Earlier this year, NS officials warned Heartland might take awhile to rev up in the wake of the global recession, but lately they’ve been saying its September activation could soon produce good volume.
Meanwhile, NS recently launched a new Crescent Corridor plan to increase clearances on its lines from the Mississippi Delta, up the I-81 corridor through Virginia and eventually into New York. When Transportation Secretary Ray LaHood announced his TIGER grants on Feb. 17, the Crescent Corridor got the single largest one at $105 million, which NS will use to help build new container terminals at Memphis, Tenn., and Birmingham, Ala.
The single largest corridor-type plan is also the rail industry’s highest priority, the Chicago Region Environmental and Transportation Efficiency program that is facing a multibillion-dollar tab for dozens of pricey construction projects to sort out the city’s jangle of freight and passenger rail lines, local roads, terminals and highways.
The railroads are chipping in, and both the city and Illinois are putting money into it. CREATE got a $100 million TIGER grant, some other federal money is going into it, and more is expected through future grants.
But the CREATE and Gateway programs also complement each other, CSX says.
“We did a tour with some Pacific Northwest port officials, in Chicago, of CREATE a few weeks ago,” Warren said. “And we talked about northwest Ohio and the complementary impact that (the new CSX hub) would have on CREATE, and with what CREATE does with those routes across Chicago . . . to help with the flow of traffic off the West Coast. They actually work pretty well together.”
But the CSX National Gateway still has some challenges ahead. Company officials say they’ve already had 35 meetings in D.C. with local officials and the community to discuss the Virginia Avenue tunnel makeover.

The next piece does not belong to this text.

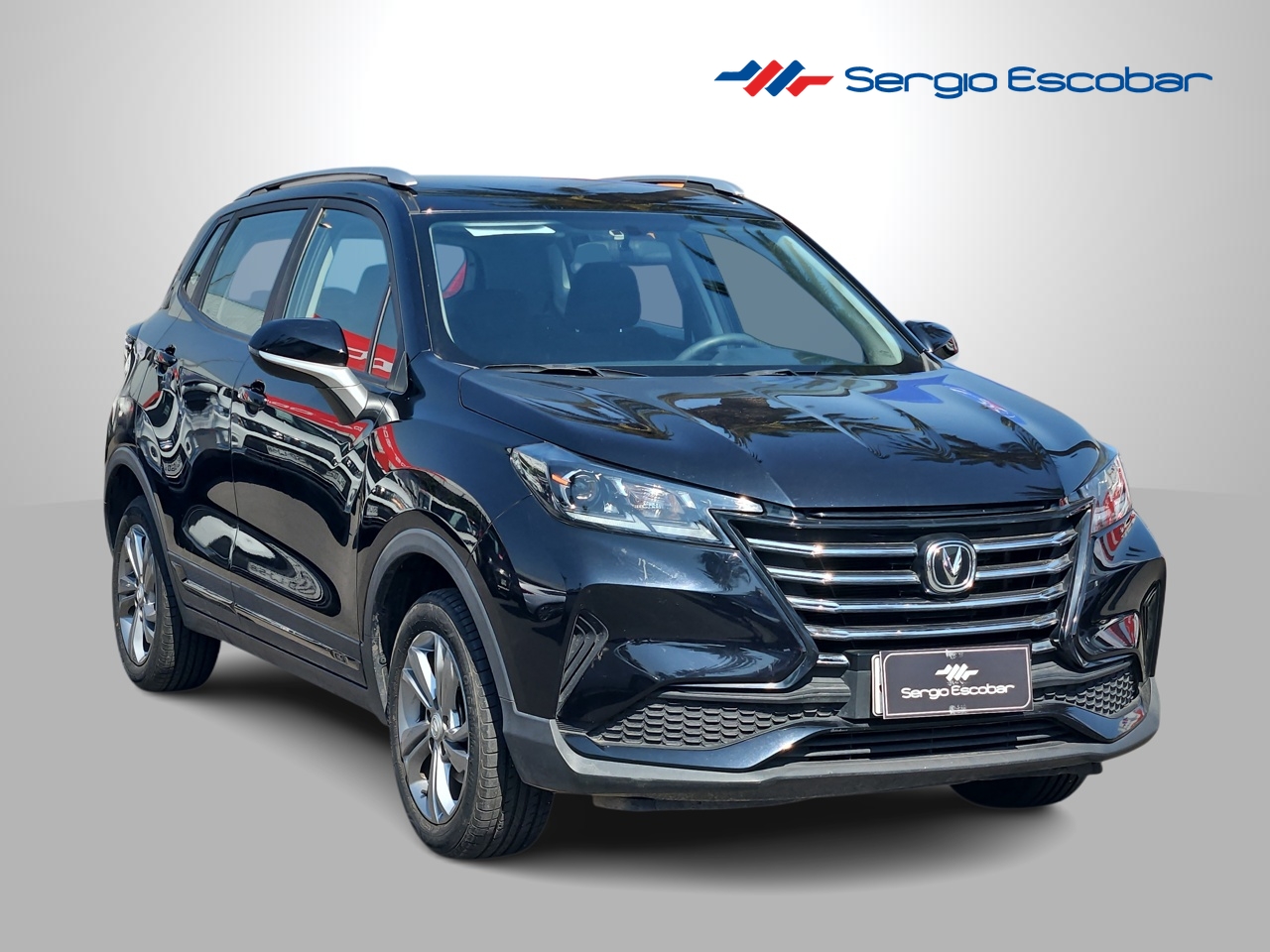 CHANGAN CS15 NEW CS15 LUXURY  1.5 2022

Some neighborhood groups are concerned about the construction, and some about the potential impact from heavier intermodal traffic it would bring. CSX spokesman Robert Sullivan insists people in the area show support for the Gateway project overall. So “it’s less an issue, I think, right now of opposition than of interest and concern, and making sure that we are recognizing the concerns they have . . . We are making every possible effort to do exactly that.”
But Warren said project planning is moving along, so that CSX can quickly begin work once the area impact process is done to wrap up final design and start construction. That will remove a double-stack chokepoint for the entire I-95 corridor.
CSX also plans to build a new intermodal yard south of Baltimore, outside a constricted tunnel serving the port that limits trains to single stacks.
The yard would serve as the axis for stacktrains coming east from Ohio or up from North Carolina, and then local drayage or one-layer container trains would move boxes to and from Baltimore’s docks nearby.